Home Question of the Day Question of the Day: What’s the Stupidest Thing You’ve Ever Seen Someone...
Id say its easily the couple times I’ve been shot at downrange. Not downrange in Iraq or Afghanistan… but downrange at the local ranges that don’t have range officers.
We don’t even go there anymore if there will be people there, we always carry concealed, and have one person change targets while the other provides overwatch.
I had one day with a lot of different people doing really dumb things with two handguns.
It was a couple decades ago when I was in school and working as the Forman for a home improvement contractor crew. Some rich folks bought a house and wanted to finish the basement and add on an extension. So we were down there tearing stuff up to get ready for the extension and we came across two handguns, one was a 1911 and the other a luger. I thought they might belong to the owners and so decided to inform them of my find and give them a chance to relocate them.
The owners freaked (especially the wife) to find out there were guns in their house and asked me to move them to a makeshift table nearby (read: plywood on two sawhorses). They insisted the guns were not theirs and started speculating that they must have been hidden because someone killed somebody with them. I tried to convince them that stashing guns is extremely common and they were probably simply stashed and then for whatever reason forgotten by the previous owners, possibly the stasher died or something. They refused to listen to reason and logic, and got more and more hysterical. Then I offered to take them from the premises and they insisted the cops be called instead. This was dumb thing number one, it gets much worse.
So, the cops show up, pretty quickly, probably due to the hysterical blathering of the woman when she called 911 to report she had discovered some murder weapons in her house. Three cops in fact. I am there answering the questions like where they were found and how and by whom. The cops look at the guns and start having a conversation about whether or not they are loaded. Not one of them touches the guns. And I realize not one of them knew how to check the guns to see if they were loaded. This of course floored me because they were cops, they carry guns (to be fair they all had revolvers).
I of course don’t touch the guns, because the last thing a civ wants to do is be holding a gun with cops around, it tends to shorten your life span considerably. But the cops start to realize I know more than them about the guns, far more. So one of them asks me if they are loaded to which I inform them that I already checked, they are loaded. This was dumb of me, so dumb thing number two, I should have unloaded them before the cops showed, not real sure why I didn’t.

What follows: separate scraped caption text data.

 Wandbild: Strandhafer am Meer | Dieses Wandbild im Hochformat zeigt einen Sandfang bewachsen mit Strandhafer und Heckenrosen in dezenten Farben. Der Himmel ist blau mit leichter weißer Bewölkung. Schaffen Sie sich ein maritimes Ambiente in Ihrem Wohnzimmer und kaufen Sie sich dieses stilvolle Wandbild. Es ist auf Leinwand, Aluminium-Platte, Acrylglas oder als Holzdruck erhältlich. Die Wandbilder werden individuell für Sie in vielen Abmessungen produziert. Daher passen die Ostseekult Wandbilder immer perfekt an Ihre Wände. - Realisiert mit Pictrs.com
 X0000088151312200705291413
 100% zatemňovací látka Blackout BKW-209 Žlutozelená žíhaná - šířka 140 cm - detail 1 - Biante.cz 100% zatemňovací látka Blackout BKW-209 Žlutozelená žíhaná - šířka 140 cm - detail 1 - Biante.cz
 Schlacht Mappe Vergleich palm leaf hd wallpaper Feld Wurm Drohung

Now it gets crazy, the cops asked me to unload the guns for them. They didn’t want me to walk them through it, they wanted me to pick up a loaded weapon in their proximity and unload it, twice. Now, consider I didn’t know any of the cops there, not one of them even a little. I was a perfect stranger to them, in my low 20s, and about all they did know about me is I knew a few things about firearms. Not a one of them backed away, took some sort of cover, put a hand near their weapons, moved to a better tactical position, or anything to ensure their safety. Had I the inkling to become a cop killer I could have easily wasted three seasoned cops in cold blood as they stood literally feet from me shoulder to shoulder with stupid looks on their faces. They didn’t even bother to check to make sure I was who I said I was or if I had a record. So while technically they never touched the guns, at least not until after I unloaded them and showed them they were unloaded, that was easily the dumbest thing that I have ever seen done involving guns. And the fact that there were three of them, all cops, makes it even dumber.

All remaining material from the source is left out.